In a world divided, the resurrection of Jesus Christ calls us to embrace and embody a new creation. We celebrate Jesus as the firstborn of that new creation. A prayer and vision of that rebirth is found in Jesus’ high priestly prayer in John 17—a prayer Jesus knows can only be answered when he goes to the cross. Jesus’ prayer is a visionary call to unity in which we are in Christ, he is in the Father, and the Father is in him. We are in him and in the Father, both male and female. The resurrection serves as a source of reinvigoration for the church—to continue to pray for the unity Jesus called us to. But, praying for unity unaware of how cultural definitions of masculinity have divided the body of Christ is counter-productive. By courageously integrating feminine typologies and metaphors present within Scripture into our own story and vocabulary, we can begin to live Jesus’ prayer, practically.

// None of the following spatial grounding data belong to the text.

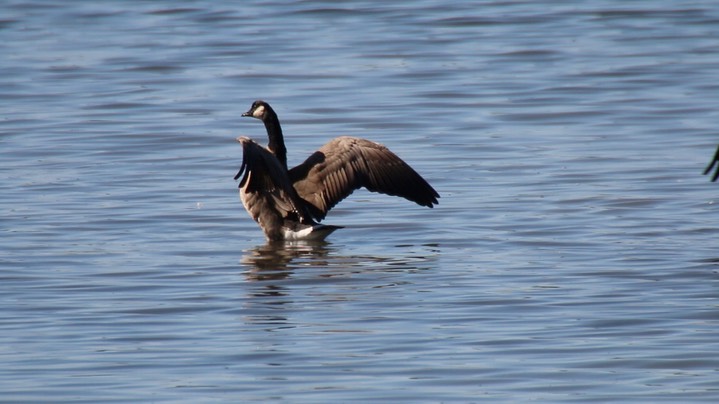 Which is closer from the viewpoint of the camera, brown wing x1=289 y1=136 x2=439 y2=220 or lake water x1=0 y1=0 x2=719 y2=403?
lake water x1=0 y1=0 x2=719 y2=403

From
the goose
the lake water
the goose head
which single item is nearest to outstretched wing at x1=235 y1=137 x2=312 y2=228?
the goose

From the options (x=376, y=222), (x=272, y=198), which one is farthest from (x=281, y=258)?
(x=376, y=222)

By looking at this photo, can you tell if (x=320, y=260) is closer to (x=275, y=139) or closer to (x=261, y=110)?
(x=275, y=139)

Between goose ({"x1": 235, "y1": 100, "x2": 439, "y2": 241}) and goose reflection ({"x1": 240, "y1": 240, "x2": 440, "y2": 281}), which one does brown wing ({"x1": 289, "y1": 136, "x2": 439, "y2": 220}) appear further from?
goose reflection ({"x1": 240, "y1": 240, "x2": 440, "y2": 281})

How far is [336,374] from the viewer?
6.71 meters

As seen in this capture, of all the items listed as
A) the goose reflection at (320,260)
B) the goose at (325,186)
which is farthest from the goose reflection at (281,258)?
the goose at (325,186)

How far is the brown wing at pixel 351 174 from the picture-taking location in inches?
420

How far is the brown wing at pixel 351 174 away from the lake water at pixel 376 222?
347 millimetres

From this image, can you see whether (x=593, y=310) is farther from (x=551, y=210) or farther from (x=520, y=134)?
(x=520, y=134)

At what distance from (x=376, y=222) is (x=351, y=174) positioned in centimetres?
87

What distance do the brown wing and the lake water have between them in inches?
13.7

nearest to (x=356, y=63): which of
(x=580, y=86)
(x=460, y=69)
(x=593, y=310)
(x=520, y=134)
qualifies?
(x=460, y=69)

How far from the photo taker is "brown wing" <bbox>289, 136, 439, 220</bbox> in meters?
10.7

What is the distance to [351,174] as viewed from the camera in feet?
34.9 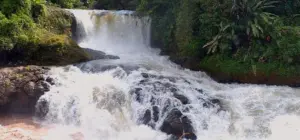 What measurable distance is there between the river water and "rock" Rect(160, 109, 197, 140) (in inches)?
6.3

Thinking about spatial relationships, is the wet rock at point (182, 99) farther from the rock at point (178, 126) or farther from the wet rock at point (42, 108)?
the wet rock at point (42, 108)

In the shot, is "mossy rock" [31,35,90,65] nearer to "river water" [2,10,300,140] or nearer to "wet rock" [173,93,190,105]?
"river water" [2,10,300,140]

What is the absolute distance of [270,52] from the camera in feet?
43.9

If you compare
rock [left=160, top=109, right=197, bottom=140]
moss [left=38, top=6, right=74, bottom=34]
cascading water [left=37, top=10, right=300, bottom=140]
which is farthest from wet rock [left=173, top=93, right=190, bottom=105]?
moss [left=38, top=6, right=74, bottom=34]

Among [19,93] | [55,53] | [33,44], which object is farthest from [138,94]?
[33,44]

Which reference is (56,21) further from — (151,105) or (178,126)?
(178,126)

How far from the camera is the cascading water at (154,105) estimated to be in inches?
399

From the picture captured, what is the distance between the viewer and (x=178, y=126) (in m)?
10.1

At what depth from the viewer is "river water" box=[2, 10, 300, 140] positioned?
1011cm

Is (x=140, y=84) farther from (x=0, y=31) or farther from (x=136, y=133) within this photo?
(x=0, y=31)

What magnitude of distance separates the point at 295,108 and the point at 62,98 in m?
7.19

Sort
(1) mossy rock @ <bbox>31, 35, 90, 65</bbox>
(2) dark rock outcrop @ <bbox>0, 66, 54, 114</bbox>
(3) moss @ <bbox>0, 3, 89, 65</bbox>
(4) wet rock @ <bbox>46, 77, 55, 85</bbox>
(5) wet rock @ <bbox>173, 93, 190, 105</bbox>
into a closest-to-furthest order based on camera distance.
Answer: (5) wet rock @ <bbox>173, 93, 190, 105</bbox>
(2) dark rock outcrop @ <bbox>0, 66, 54, 114</bbox>
(4) wet rock @ <bbox>46, 77, 55, 85</bbox>
(3) moss @ <bbox>0, 3, 89, 65</bbox>
(1) mossy rock @ <bbox>31, 35, 90, 65</bbox>

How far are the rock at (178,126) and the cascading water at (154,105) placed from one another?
40 millimetres

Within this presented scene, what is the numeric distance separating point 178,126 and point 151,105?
1.26 m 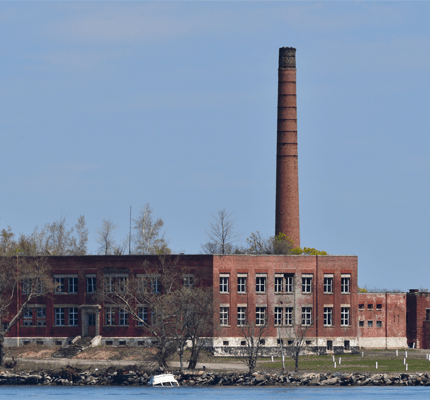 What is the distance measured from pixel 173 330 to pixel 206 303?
170 inches

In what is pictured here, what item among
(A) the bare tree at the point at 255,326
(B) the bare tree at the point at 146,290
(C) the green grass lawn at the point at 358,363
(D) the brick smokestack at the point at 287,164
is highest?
(D) the brick smokestack at the point at 287,164

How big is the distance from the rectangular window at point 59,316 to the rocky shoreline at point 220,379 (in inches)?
442

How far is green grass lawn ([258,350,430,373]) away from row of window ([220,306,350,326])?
146 inches

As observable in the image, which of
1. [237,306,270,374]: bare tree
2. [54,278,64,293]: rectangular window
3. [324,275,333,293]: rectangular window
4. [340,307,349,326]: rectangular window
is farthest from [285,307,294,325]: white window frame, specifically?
[54,278,64,293]: rectangular window

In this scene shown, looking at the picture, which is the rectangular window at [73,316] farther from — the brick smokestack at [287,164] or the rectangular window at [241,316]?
the brick smokestack at [287,164]

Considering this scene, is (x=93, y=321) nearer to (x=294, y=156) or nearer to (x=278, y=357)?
(x=278, y=357)

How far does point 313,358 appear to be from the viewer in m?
88.1

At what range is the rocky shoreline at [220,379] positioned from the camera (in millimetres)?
76000

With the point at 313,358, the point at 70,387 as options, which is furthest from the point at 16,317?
the point at 313,358

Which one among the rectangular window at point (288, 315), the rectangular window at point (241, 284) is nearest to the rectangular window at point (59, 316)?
the rectangular window at point (241, 284)

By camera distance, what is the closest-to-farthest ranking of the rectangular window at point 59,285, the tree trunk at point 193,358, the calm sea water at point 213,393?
the calm sea water at point 213,393
the tree trunk at point 193,358
the rectangular window at point 59,285

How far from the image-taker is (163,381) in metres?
76.7

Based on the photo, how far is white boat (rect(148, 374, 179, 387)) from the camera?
251ft

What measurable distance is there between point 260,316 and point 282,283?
360 centimetres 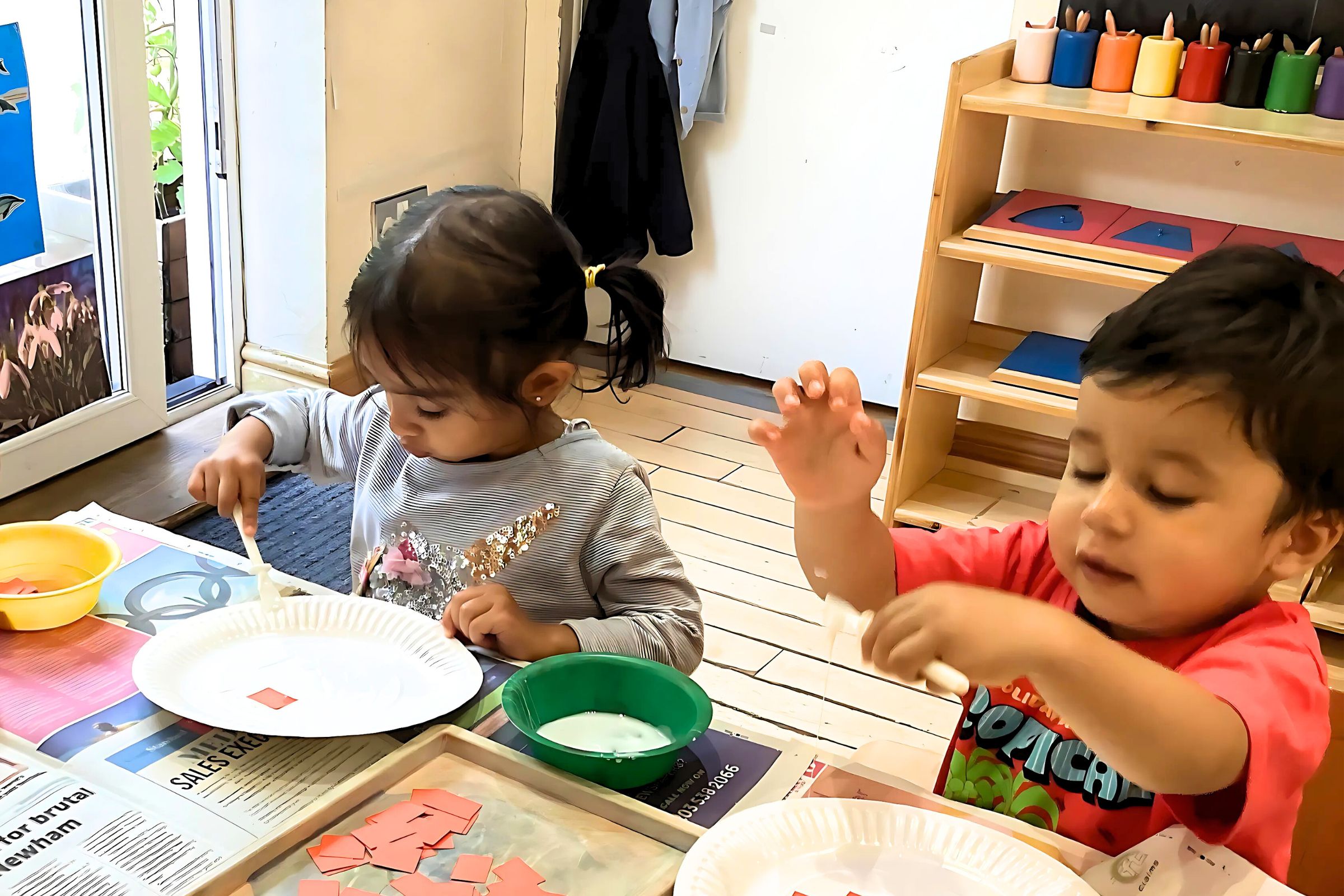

Men and women are not cast aside, diminished, or deleted when we embrace biblical unity, unity with God and with each other. Unity is provided for in the resurrection, but it does require the definition of masculinity to submit to Jesus’ prayer for unity. We do not learn biblical unity by defining masculinity first. In this equation, unity is the constant that all other variables work around. The Holy Spirit pursues the fulfillment of this prayer for unity through us, new creatures instituting a new creation that was, is, and is to come.
Masculinity therefore, cannot continue to look at femininity, as did Adam to Eve, and accuse, “well, she gave me the apple.” To define masculinity in this way is to fall short of Jesus’ prayer for unity. Such masculinity is powerless, ripe for abuse, and entangled in sin. This view of masculinity produces a flawed understanding of unity—a cheap, whimsical act of charity from the powerful gods of men to the lesser human female species. This masculinity does not even darken the door of biblical reconciliation that is at all times mutual and equitable.
Moreover, when gender identities engage as an exchange of goods and services, Jesus’ prayer for unity is diminished. Our commercial culture has thrived on this philosophy since the Industrial Revolution. We tend to see gender identity in economic terms. For example, femaleness is devalued in the job market in tangible economic ways—women make less than men. Jesus’ high priestly prayer is a prophetic challenge to our commercial culture, calling us to become newborns again by resisting the temptation to accept masculinity as God’s most valued identity. Reading Jesus’ priestly prayer, we see there are no most valued identities. And, we must live in a way that reflects that truth.
Unity is further diminished when the commercializing of gender identities overlaps with colonialism. Colonialism says that we interact with “the other” in three ways. 1) We assimilate “the other” into our identity. For a woman to be successful, she has to throw like a boy or lead like a man. 2) We marginalize “the other.” This happens when men act as if the devaluation of women is insignificant. 3) We rationalize—a rational argument is developed, oftentimes with theological support, allowing for the subjugation of women. When colonialism dominates the masculinity narrative, Jesus’ vision for biblical unity is inhibited.
In a recent post, I shared how my current discipleship journey requires not “God-himself,” but rather, “God-herself.” I was attempting to describe the feeling of being in the womb of God, in the fetal position, totally reliant on God’s umbilical cord. Scriptural references describing God as a mother hen are not hidden, but they are apparently seen as toxic by some. My reflection on “God-herself” was met with concern. Some asked if I was “using the Bible” and I was invited to lunch to process. Am I not supposed to refer to those distinctly biologically female experiences in relation to God? What about other such experiences? Does “God-herself” not know what it is like to feed her flock? Parenthetically, suckling is not something a male fully understands. But undoubtedly, God does.
Herein, admittedly, the English language is limited. Yet, language helps organize and frame the way we interpret our experiences. We rarely access the appropriate vocabulary to confer God-herself suckling her children even though the biblical text metaphorically does. If we can create language for all sorts of actions, like Xeroxing or LOL’s, we should entertain a more fluid vocabulary for the sake of biblical unity. God-herself is spoken of in Scripture through types and metaphors. Even the resurrection offers believers feminine imagery. In the resurrection, Jesus is conqueror. Yet, Jesus is also in the womb or belly of the earth for three days—a metaphor only a mother can substantively relate to.
Assimilating, marginalizing, and rationalizing are tools used to colonize and enslave others. Obviously, these tools historically have not led to unity. Conquerors were successful in winning land, resources, and fame, but they fell short of attaining the unity Jesus envisioned for humanity. As new creatures, we must practically define masculinity in submission to Jesus’ prayer for unity. We can do so by daily integrating counter-cultural female typologies and metaphors and courageously speaking of God-herself in accordance with Scripture.